The attack came hours after the United States, reacting to the death of 27 protesters on Friday, threatened to take new steps against Syria’s rulers, who are from the Alawite sect.
Banias has seen some of the most persistent demonstrations since unrest first erupted in the southern city of Deraa seven weeks ago, with activists calling for political freedom and an end to corruption.
Rights group Sawasiah said the number of civilians killed in the violence across the country had reached 800, a figure disputed by the government.
Army units with tanks entered Banias, a Mediterranean coastal city of 50,000 people, from several directions, advancing into Sunni districts but not Alawite neighbourhoods, the human rights campaigners said. Banias is around 70 percent Sunni Muslim and 30 percent Alawite.
Four women were killed when soldiers fired at a small all-women protest marching on the main coastal highway from Marqab village near Banias, they added.
“Residents are hearing the sound of shelling and heavy machineguns,” one of the human rights campaigners said.
Rami Abdul Rahman, head of the Syrian Observatory for Human Rights based in London, earlier told Reuters regular and special army units were in the city. “They are conducting search operation in several areas. The army has lists and is looking for people based on it,” he said.
Most phone and Internet communication with Banias has been cut but the campaigners said they were able to contact several residents.
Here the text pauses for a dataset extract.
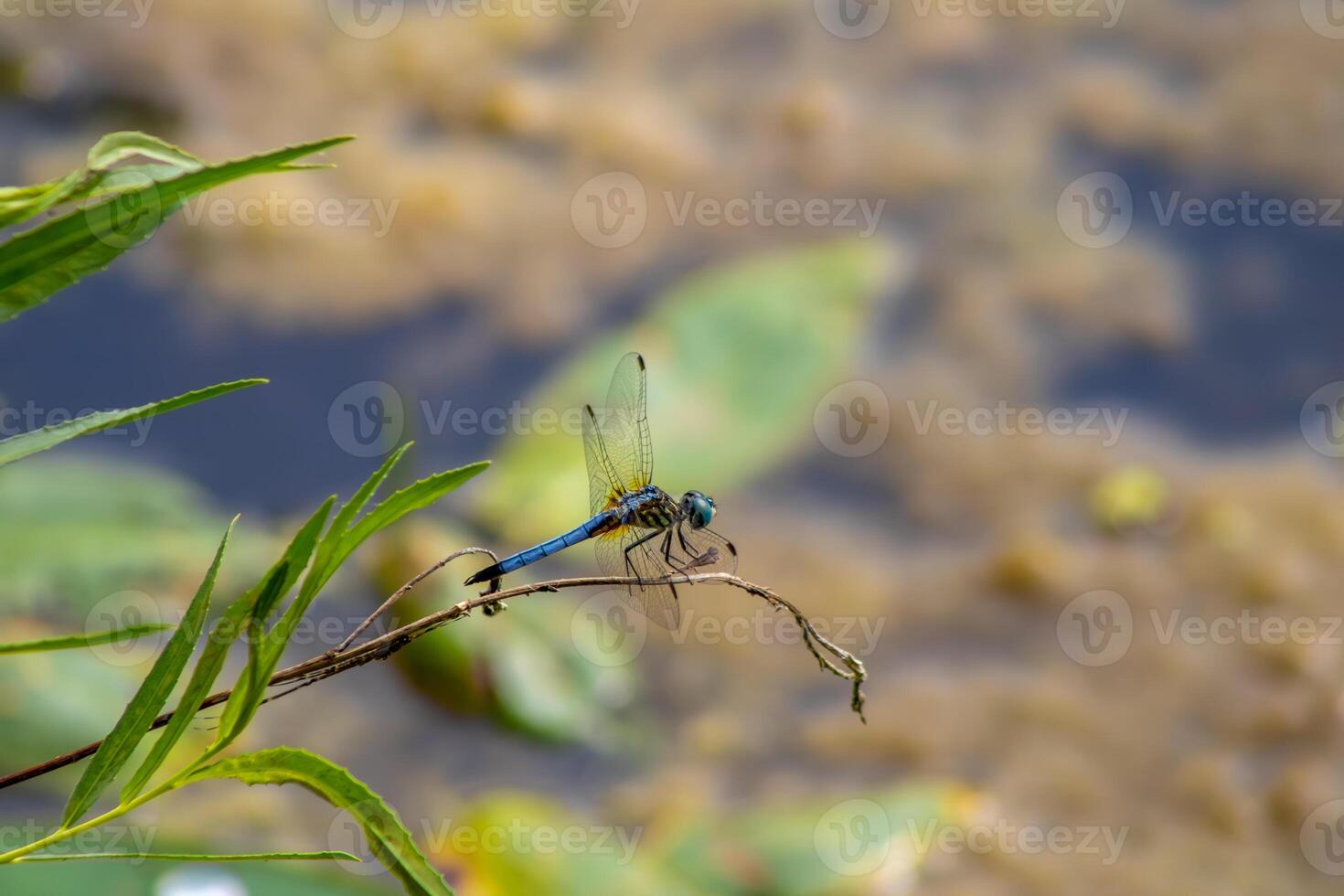 Blue Dragonfly Resting on a Twig photo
Sawasiah said the authorities had intensified a clampdown on communication networks to disrupt the flow of information about their “bloody repression of non-violent demonstrators”. Mobile 3G Internet services by the country’s two operators has been cut in Damascus as well since Friday, Sawasiah said.
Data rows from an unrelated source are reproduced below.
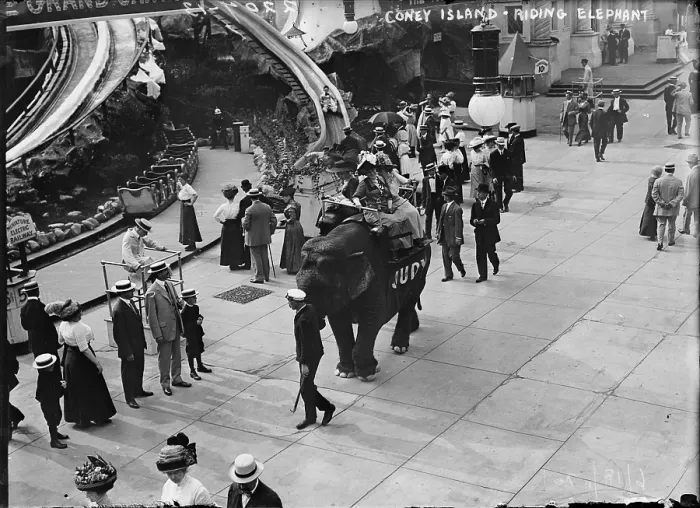 Framed Print : Riding an elephant in Coney Island, New York City, 1911 Framed Print : Riding an elephant in Coney Island, New York City, 1911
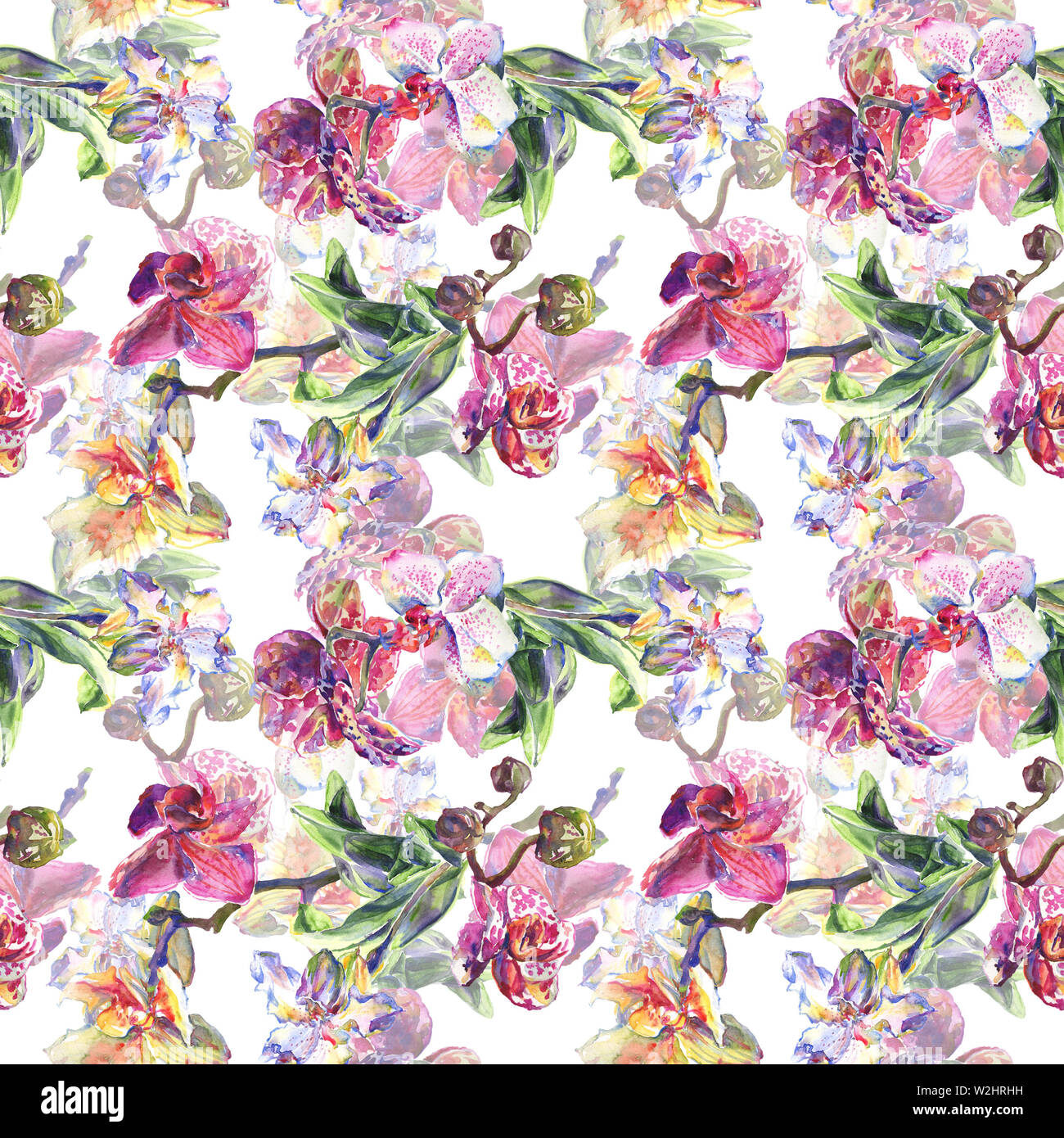 Floral fleurs orchidées botaniques. Printemps sauvage de fleurs sauvages de la feuille. Illustration à l'aquarelle. Aquarelle Dessin aquarelle de mode. Fond transparent Banque D'Images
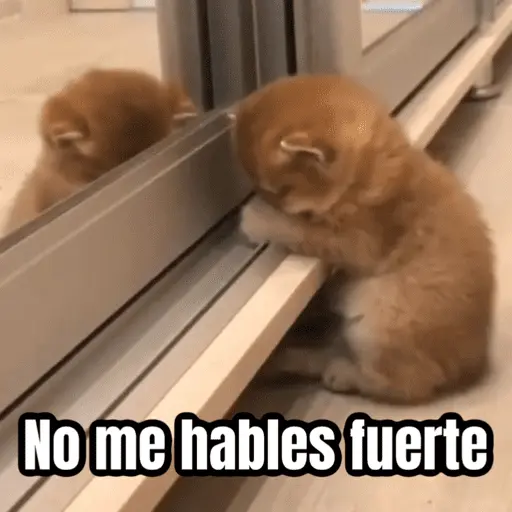 Memes - gatos bebes 🐱💕😂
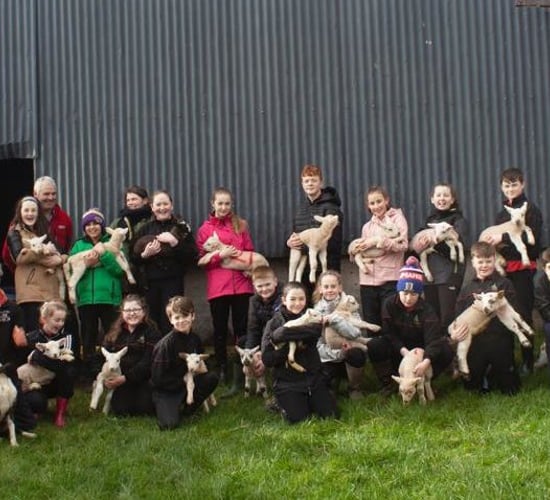 Sculptor collaborates with sheep farmer for school residency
Syrian tycoon Rami Makhlouf, Assad’s cousin, owns the country’s largest operator Syriatel, while South African group MTN controls the second operator. Syrian authorities have banned foreign media from reporting from the country.
Syrian forces earlier raided Marqab, arresting scores of men, women and teenagers, the Observatory said.
State authorities said Banias was a “centre of Salafist terrorism” and that armed groups had killed soldiers near the city. Salafism is an ultra-conservative brand of Sunni Islam.
Civic leaders in Banias denied the accusation and said the government was trying to spread fear among Alawites, who occupy most senior positions in the army and security apparatus.
Syrian President Bashar al-Assad has said the protesters are part of a foreign conspiracy to cause sectarian strife.
His father, Hafez al-Assad, who ruled for 30 years until his death in 2000, brutally suppressed an armed Islamist uprising in 1982 in which around 30,000 people were killed.
International criticism has increased against Assad, who is trying to preserve his family’s 41-year-old grip on power in the country of 20 million people.
European Union governments agreed on Friday to impose asset freezes and travel restrictions on up to 14 Syrian officials, alongside other sanctions, in response to Assad’s violent crackdown.
The United States also imposed sanctions against figures in the Syrian government last week. On Friday it threatened to step up pressure to try to stop the violence.